O Acordes do Amanhã já inseriu a música no cotidiano de milhares de pessoas do Ceará e do Rio de Janeiro, desde seu surgimento, em 2017. Praças, escolas, hospitais, feiras livres, terminais de ônibus e linhas de metrô já serviram de palco para os diversos artistas que participaram do Festival Acordes do Amanhã. Ao longo de cinco edições, 2.372 artistas participaram de 664 apresentações musicais. O Acordes do Amanhã já atingiu um público estimado de 644 mil pessoas, passando por mais de 40 cidades de 4 estados, mostrando seu caráter itinerante.

Na primeira edição, em 2017, o Festival teve como tema “Sons que transformam”. Durante os dias 27 e 30 de abril, o evento itinerante abraçou as cidades de Fortaleza, Orós, Itapajé, São Gonçalo do Amarante, Sobral, Aquiraz e Guaramiranga, acolhendo 25.860 pessoas e cerca de 120 apresentações em espaços públicos.

No ano seguinte, em sua segunda edição, a temática foi “Somos música”, que levou todos a pensarem como a música se integra à cidade. Como forma de simbolizar a importância do impacto da arte no cotidiano de quem vive o espaço público, o Acordes do Amanhã promoveu 307 apresentações. Delas, 167 apresentações ocorreram no Rio de Janeiro, no mês de dezembro, e 140 ocorreram no Ceará afora durante o mês de novembro.

A edição de 2019, apostando na diversidade que a arte proporciona, veio com o tema “Música para Todxs”. As cidades como Croatá, São Gonçalo do Amarante, Sobral, Guaraciaba do Norte, Paracuru, Guaramiranga, Itapajé, Pindoretama, Aquiraz e Fortaleza receberam apresentações durante os dias 8 e 29 de novembro.

Em 2020, em meio ao isolamento social, o Acordes se negou a abrir mão dos encontros e se reinventou ao propor uma versão online do projeto. A edição “#FicaEmCasa” levou 40 artistas cearenses e mais 9 atrações nacionais aos lares das pessoas e mobilizou um público equivalente a 547 mil pessoas. Nesta edição, em meio ao isolamento social proposto para o controle do coronavírus, a cena musical usou a tecnologia para mostrar de dentro de suas casas o poder da música de romper barreiras. O virtual permitiu ao festival alcançar até outros países, como Estados Unidos, Alemanha, Espanha, Portugal, Reino Unido e Argentina.

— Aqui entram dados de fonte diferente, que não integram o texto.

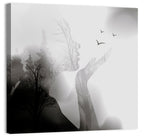 Woman Profile Forest Double Exposure Wall Art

Em 2021, ainda em um contexto de pandemia, o Acordes do Amanhã no Ceará aconteceu de forma online. Agora, com o retorno das atividades culturais, o Festival Itinerante pega a estrada e segue para o Rio de Janeiro, que realiza um festival híbrido, com atividades presenciais, de 14 a 21 de janeiro, em Petrópolis, Rio de Janeiro e São Gonçalo e com apresentações online de 05 a 12 de fevereiro com artistas de Paraíba do Sul e Areal.

Músicas que Abraçam

Quanto de afeto cabe num abraço? Como esse gesto de carinho pode silenciar dores e renovar esperanças? Que revolução o abraçar pode revelar? Na obra “O Livro dos Abraços”, Eduardo Galeano (1940 – 2015) foca na emoção e na beleza dos pequenos momentos para avançar e, a partir da memória pessoal, falar também da memória coletiva e da história do povo latino-americano. Do microcosmo de um encontro, o autor amplia o olhar para falar das teias que compõem a tessitura de uma sociedade que pode, sim, se entender coesa.

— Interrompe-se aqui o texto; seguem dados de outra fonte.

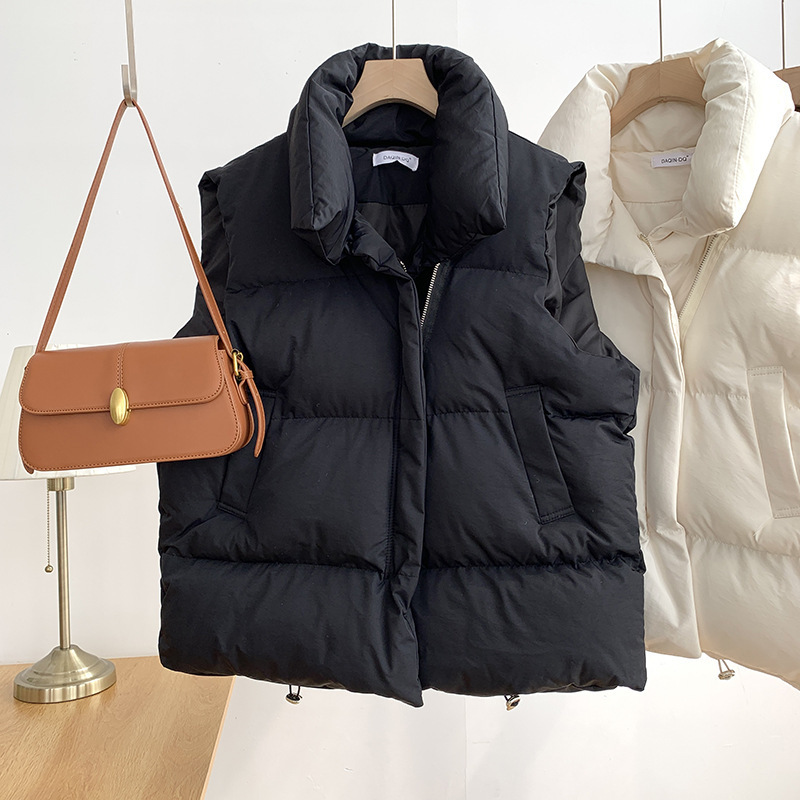 Women's Clothing autumn and winter Korean style small fragrant style stand collar new sleeveless cotton vest outer wear vest jacket trendy_voghion.com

Em 2021, o Festival Acordes do Amanhã celebra o abraço. Esta edição quer que esse gesto tão bonito, que por muito tempo nos foi privado, retorne à rotina. O abraço sonoro proposto pela edição #MúsicasQueAbraçam tem o intuito de fazer da música uma forma de aconchego. É tempo de acolher nossos amores para curar as dores de um tempo que foi tão difícil. Queremos amparar todos que sofreram os abalos e perdas na pandemia. Para isso usaremos a música para a cura e o autocuidado.

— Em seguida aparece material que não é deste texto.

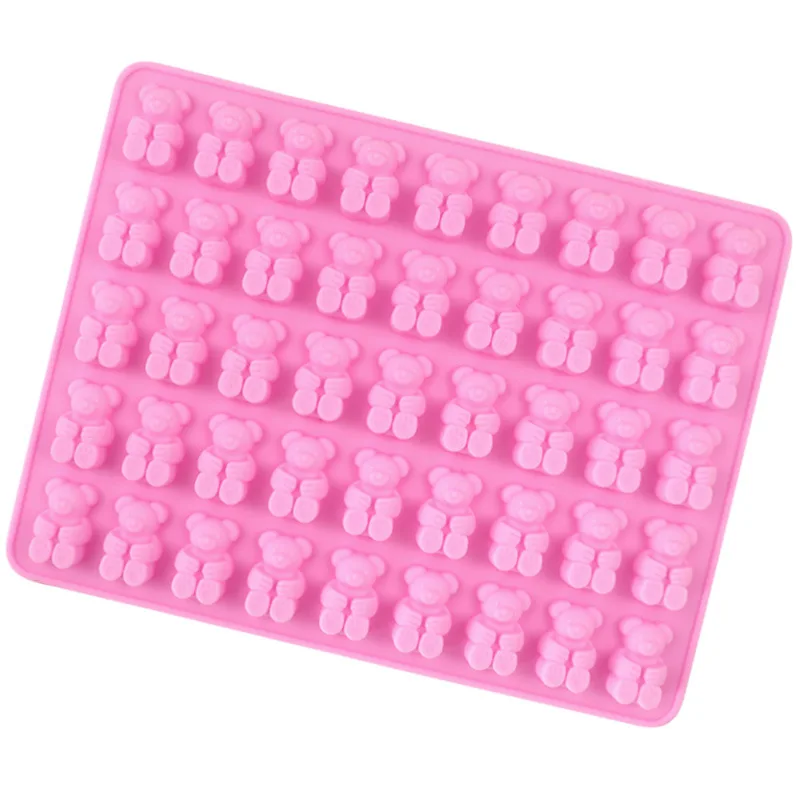 Custom logo Gummy Bear Mold Silicone, 45 Cavity/50 CLarge Customize Gummy Candy Molds 100% Bpa Free Jello Ice Tray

Conceitualmente, a 2º edição do Festival Acordes do Amanhã no Rio de Janeiro se ancora nas seguintes palavras-chave: Afeto, família, segurança emocional, vínculo, memória, cura, troca, cuidado, esperança. Cada uma dessas palavras se convertem em imperativos para a articulação de ações que são pensadas para a edição #MúsicasQueAbraçam.

A música tem o poder de atravessar as fronteiras da materialidade. Por meio dela evocamos sensações únicas, memórias que nos tocam e revelam múltiplos modos de abraçar. Músicas que abraçam é cura e acalanto em meio a um período tão desafiador e cheio de descaminhos que impulsionam recomeços para muitos de nós. O Festival Acordes do Amanhã acredita que num gesto de carinho pode caber a transformação para um novo tempo.